Because the image has been rotated 180 degrees, north is down. The northern wall of the pit appears to be either very vertical, or overhung. A tunnel might head north from here, but because of the angle of the photograph, this cannot be confirmed.
To the right is a wider look from the full photograph, showing the surrounding terrain, with north now to the top. In line with this pit is a depression that crosses the east-west canyon to the north. This alignment strongly suggests that a fault or fissure exists here, and that an underground void along this fissure line could exist. It also suggests that a deeper and larger void could exist below that larger canyon.
This pit, and the accompanying fissures, were likely caused by crack-widening along these faults, produced as this volcanic region bulged upward.
This pit is also one of the many many pits found near these volcanoes. The map to the right shows by the black boxes all the pits documented by the high resolution camera on MRO in the past few years, with this new pit indicated by the white box.
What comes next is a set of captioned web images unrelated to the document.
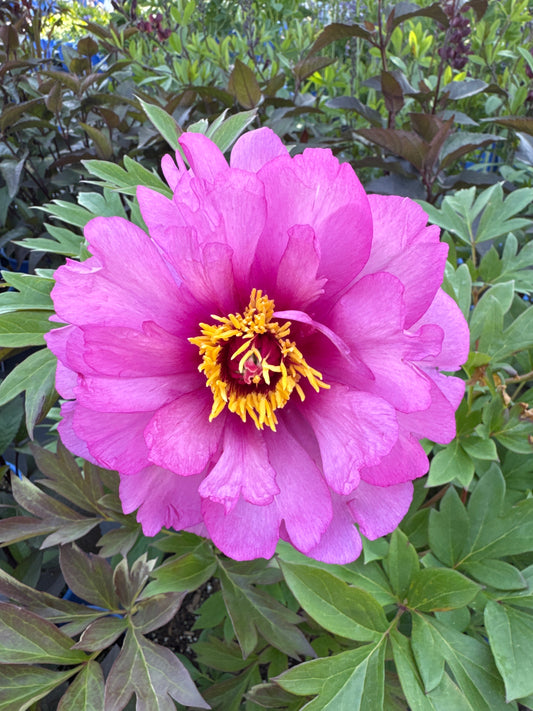 Paeonia FIRST ARRIVAL 3gal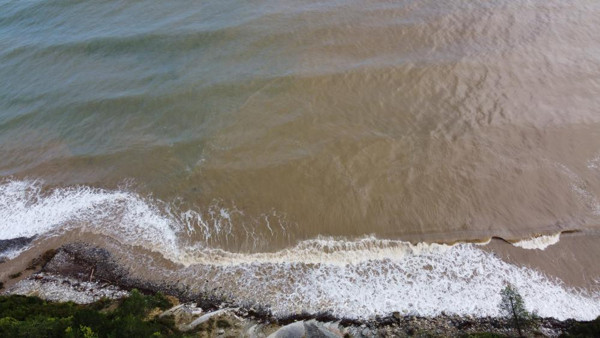 Kastamonu'da afet bölgesinde salgın hastalık arttı! Yasak kararı geldi - Resim: 1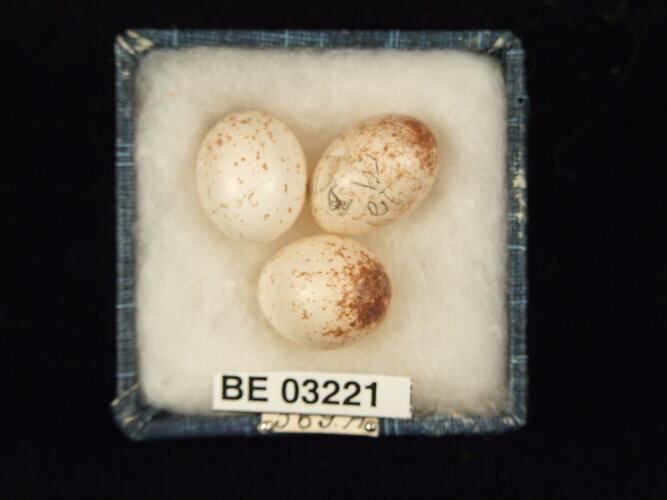 Three bird eggs in box with labels.
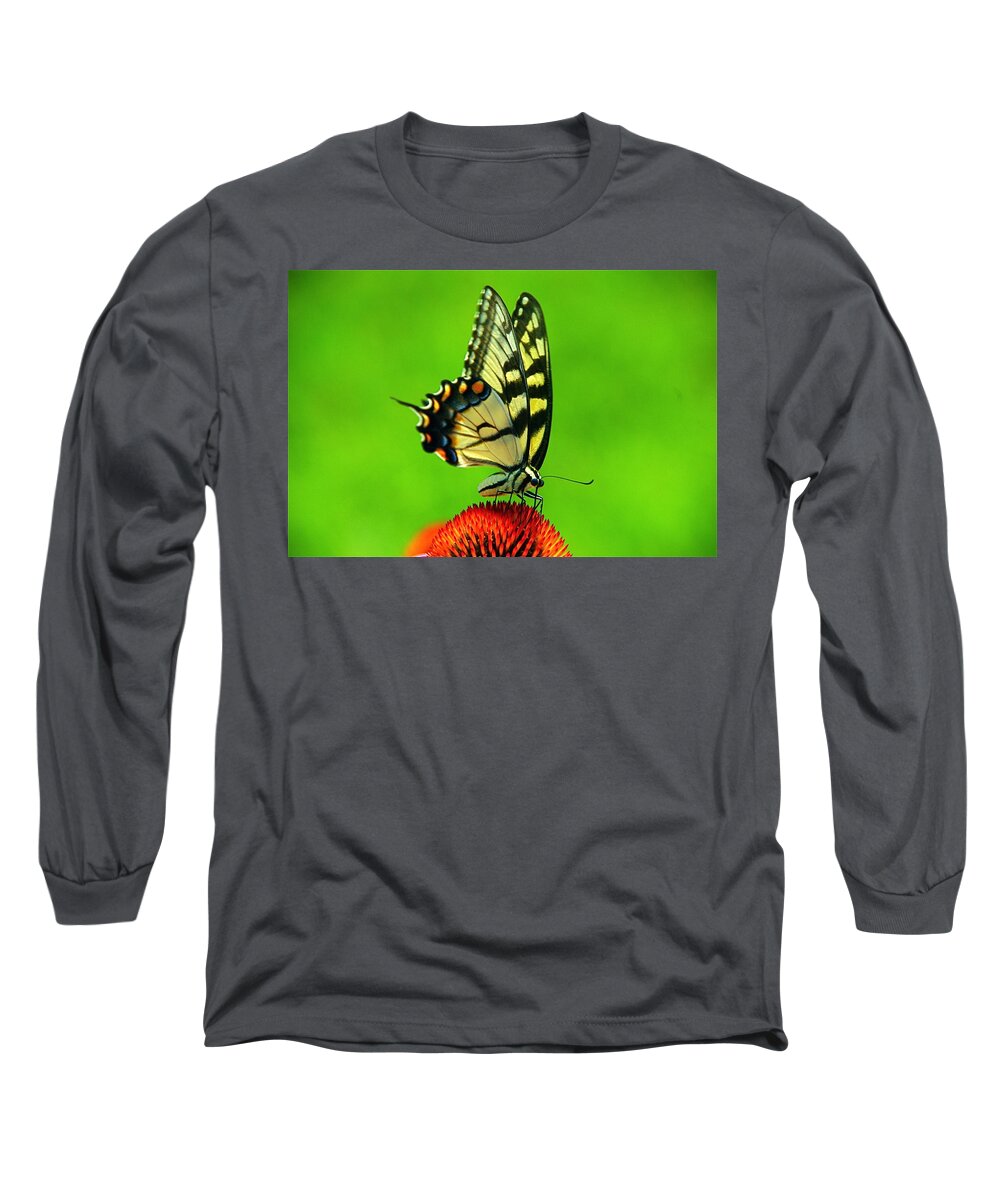 Long Sleeve T-Shirt featuring the photograph Lunchtime by Byron Varvarigos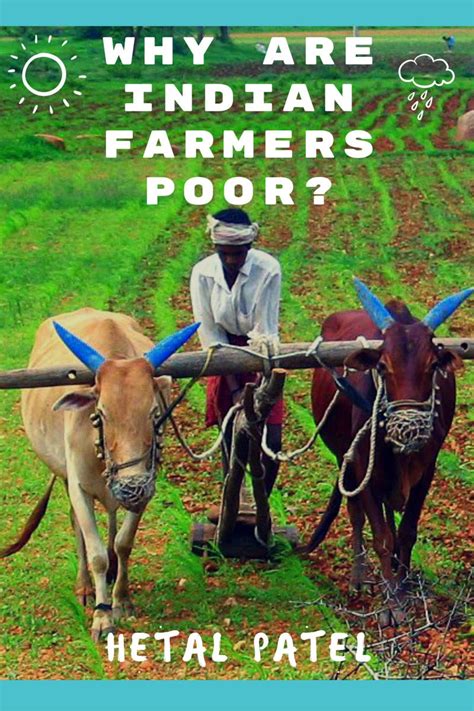 The opposition parties are rallying in support of the farmers. Why are Indian farmers poor? - The Flabbergasted Indian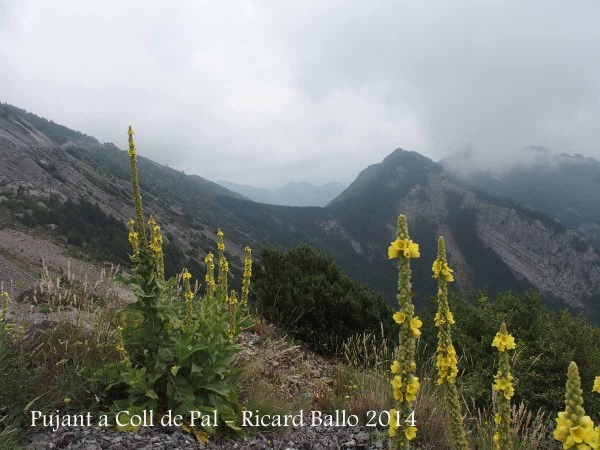 Ruta del trencapinyes - Pujant a Coll de Pal.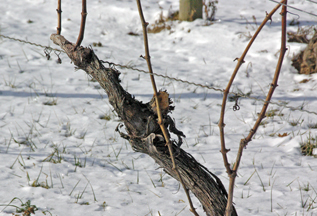 Peconic Bay Winery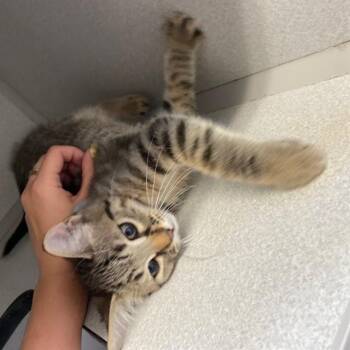 Domestic Short Hair Cats Available for Adoption in Aurora, Colorado - BLUEY | PetCurious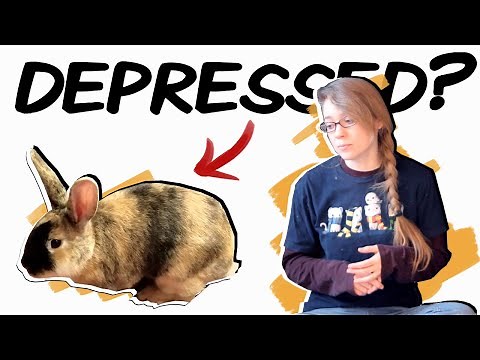Recognizing Depression in Rabbits (and what to do about it)
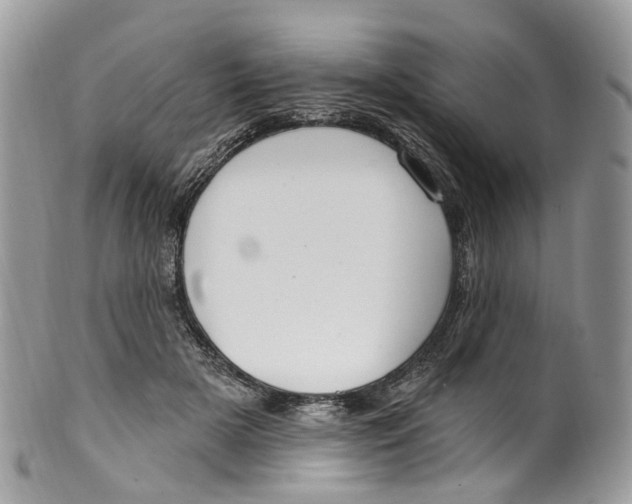 X0000099520505200806051214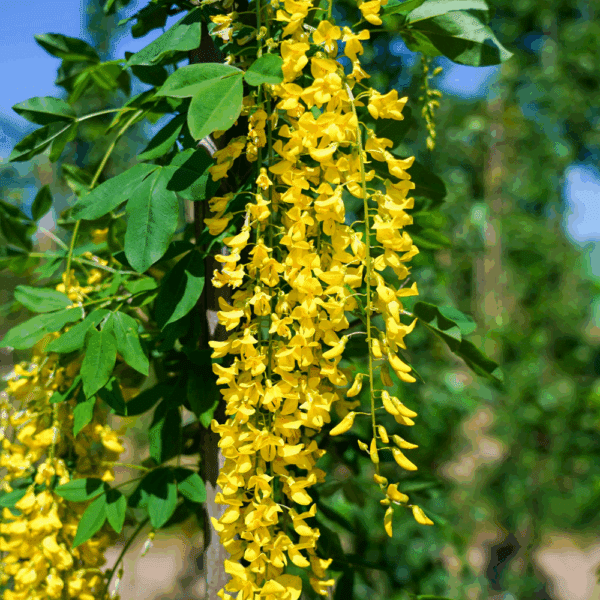 LABURNUM x watereri 'Vossii' – Image 2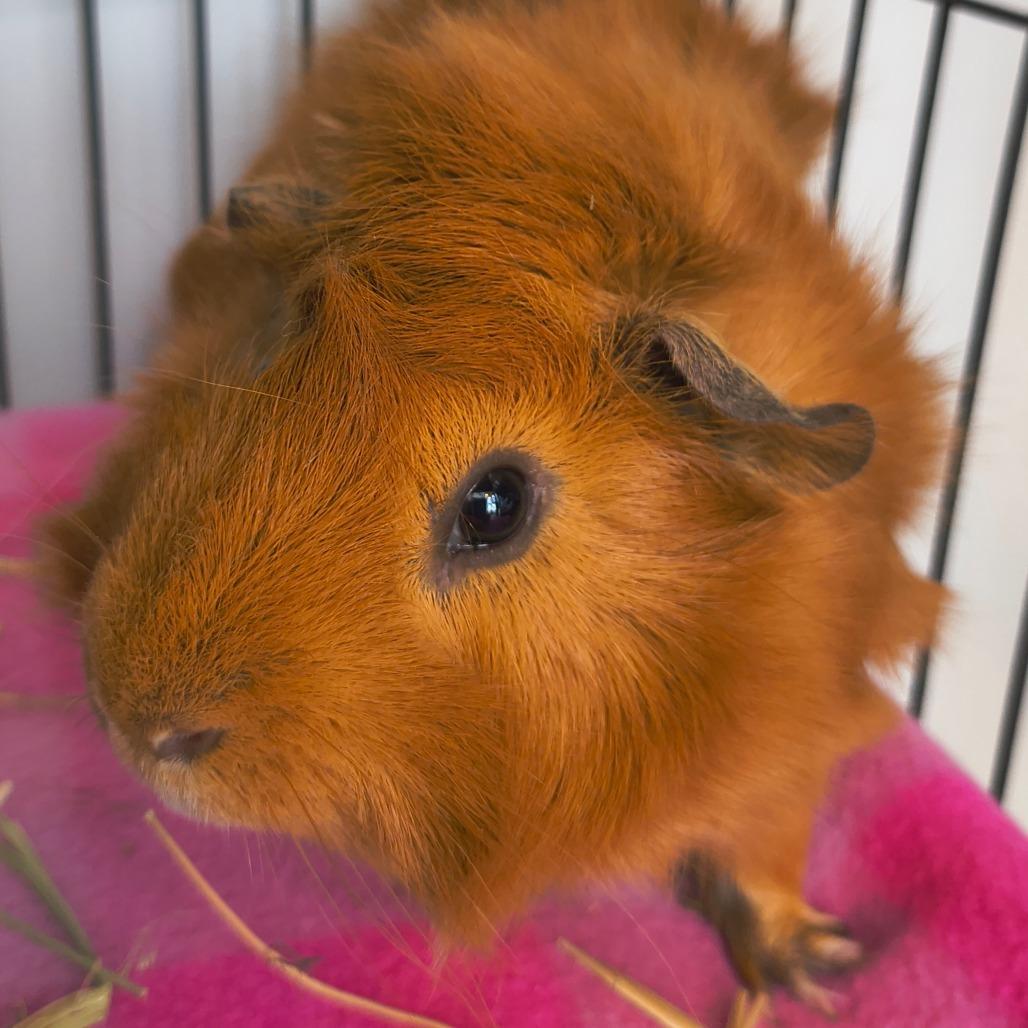 Enlarge Gus, a Adoptable Guinea Pig in Warwick, RI image 2/2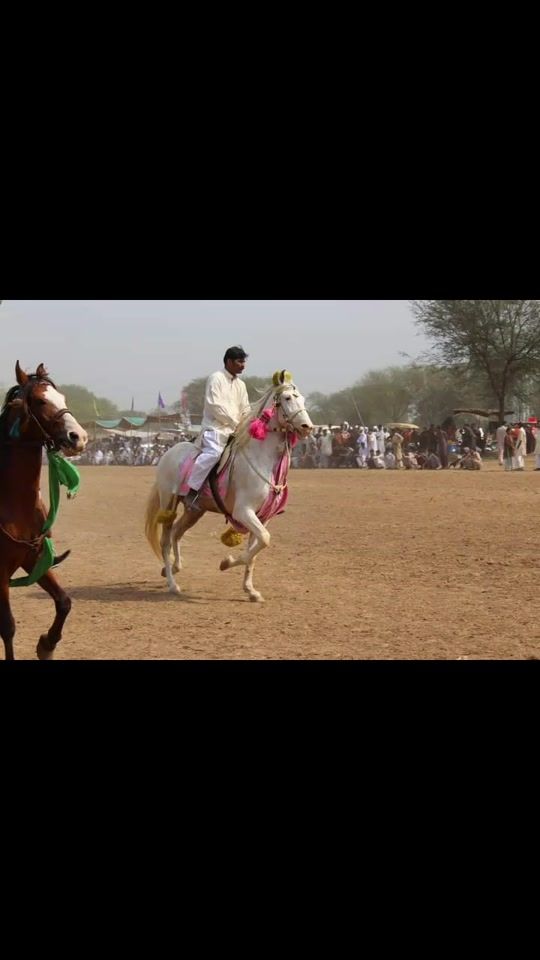 TikTok video thumbnail by shamrozgujjar58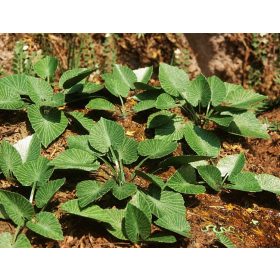   Model Scene VG7-033 Jungle set 3 1:72 / 1:87 - Dzsungel aljnövényzet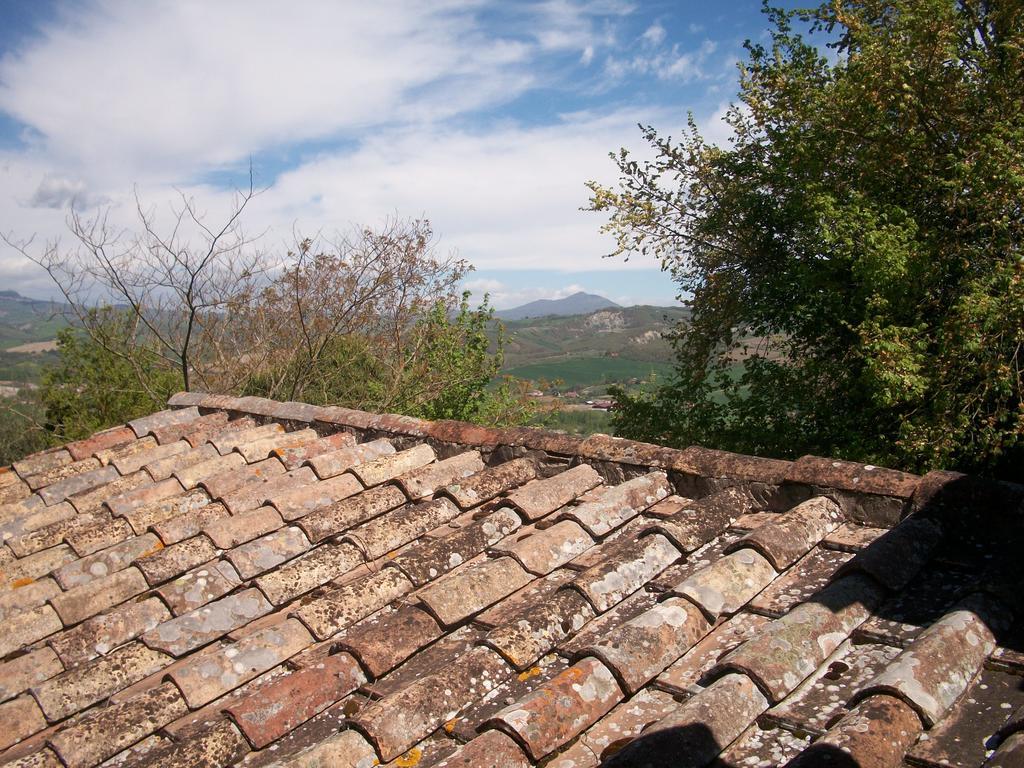 ProcenoAgriturismo Poggio Porsenna - Con Piscina别墅 外观 照片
Beginning in November 2018 until November 2019 I was almost doing a monthly post reporting the new pits photographed by MRO. Since November however the number of new pit images dropped. This is not because every pit has been imaged, but because it appears they have completed their initial survey.
Below is a list of all those previous pit posts:
- November 12, 2018
- January 30, 2019
- February 22, 2019
- April 2, 2019
- May 7, 2019
- July 1, 2019
- August 12, 2019
- September 20, 2019
- November 19, 2019
- November 26, 2019
- February 20, 2020
If you haven’t read these previously, spend some time looking at them all. The images (and possibilities for future exploration) are fascinating.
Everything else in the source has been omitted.